Se infatti in un’aula, per legge, i docenti trattano ogni studente nello stesso modo, – cercando di dare a tutti stesse opportunità, senza fare differenze di sesso, razza, censo, eccetera – come è scritto chiaramente sulla nostra Costituzione – a qualcuno, oggi, questa cosa, non pare più giusta. Il caso di Lodi ne è testimonianza: oltre 200 bambini, tutti figli di stranieri, sono stati tagliati fuori dal servizio mensa e scuolabus. Si sono indignati in tanti. I bambini sono costretti a mangiare in stanze separate da quelle dei loro compagni italiani e a percorrere ogni mattina chilometri a piedi per raggiungere la scuola.

Che dire? E’ un atto di inciviltà e disumanità compiuto da adulti nei confronti di minori che si commenta da solo. E tutto per mano di un regolamento firmato dal sindaco leghista di Lodi, che costringe le famiglie straniere a presentare un documento del paese d’origine che attesta l’assenza di proprietà e di beni; foglio difficile da reperire, soprattutto in alcuni stati africani e sudamericani. Ma al di là dell’indignazione, la vera domanda da farsi è: come siamo potuti arrivare a questo punto? E proprio nell’anno in cui si ricordano i 70 anni delle leggi razziali che allontanarono dalle scuole italiane gli studenti ebrei? Come è possibile un tale imbarbarimento? Tutta colpa di Salvini al governo? Anche, certo. Ma non solo.

Occorre riflettere su quelle orribili e discriminanti politiche scolastiche che sono state portate avanti negli ultimi vent’anni in Italia per approdare alla nefasta Buona scuola, la riforma forse più odiata e iniqua che si sia stata mai scaraventata, – per di più, dal cosiddetto centro-sinistra, – sulla agonizzante scuola italiana. Riflettere su come e perché si è iniziato a parlare di una scuola pubblica diversa da quella descritta sulla nostra Costituzione: come servizio – magari a pagamento, – invece che come diritto gratuito per il minore. Si è iniziato a parlare di scuola azienda e genitori degli alunni clienti di quell’azienda.
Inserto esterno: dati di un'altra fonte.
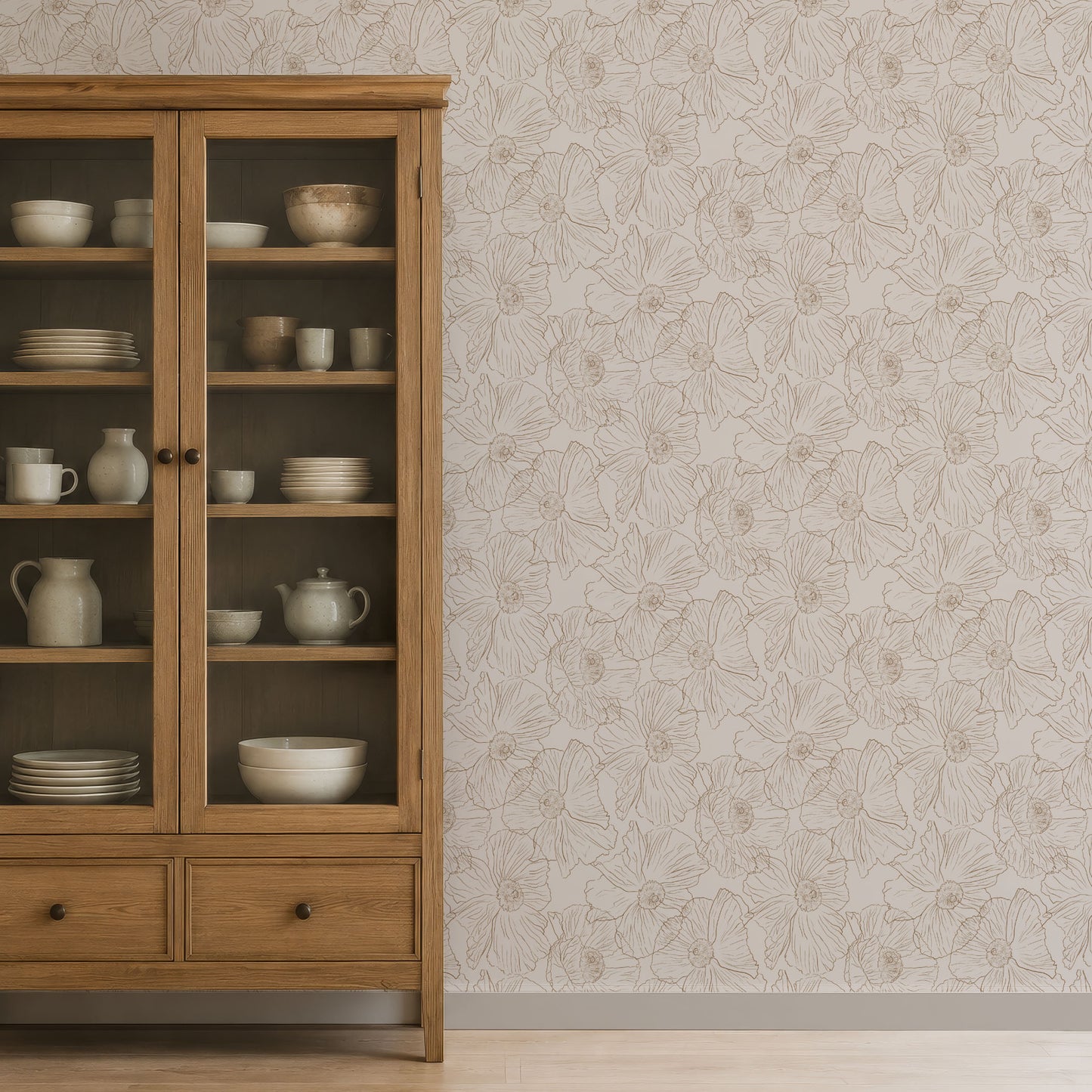 A tall wooden display cabinet filled with white ceramic dishes stands against a light beige wall with a subtle floral line pattern. The cabinet has two glass-front upper doors and two lower drawers with dark knobs.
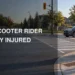Neutral road-safety illustration of a mobility scooter rider at a Whitby intersection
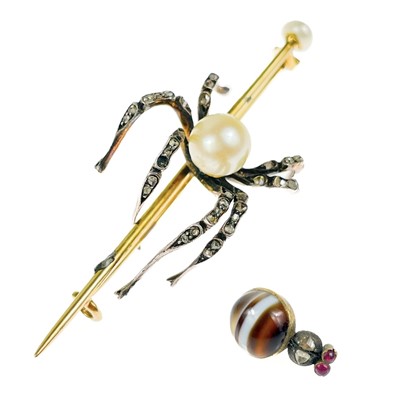 Lot 186 - A Victorian gold diamond and pearl set spider bar brooch.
Si è iniziato a parlare insensatamente di ideologia meritocratica a sei anni, per spingere più o meno consapevolmente verso una scuola pubblica sempre più classista e razzista, cioè sempre più vicina alla scuola privata: dove la differenza tra chi va a scuola e chi non ci va, la fa chi ha i soldi per pagarsela e chi no. Insomma, dopo aver sancito e accettato che i diritti, anche i più primitivi e basilari, quelli che riguardano la persona e i bambini, di fatto, sono a pagamento, a cosa serve, ora, indignarsi e basta? Troppo tardi. E’ ormai tempo di agire, se vogliamo salvare il salvabile. Fanno bene gli studenti italiani che chiedono la cancellazione della Buona Scuola.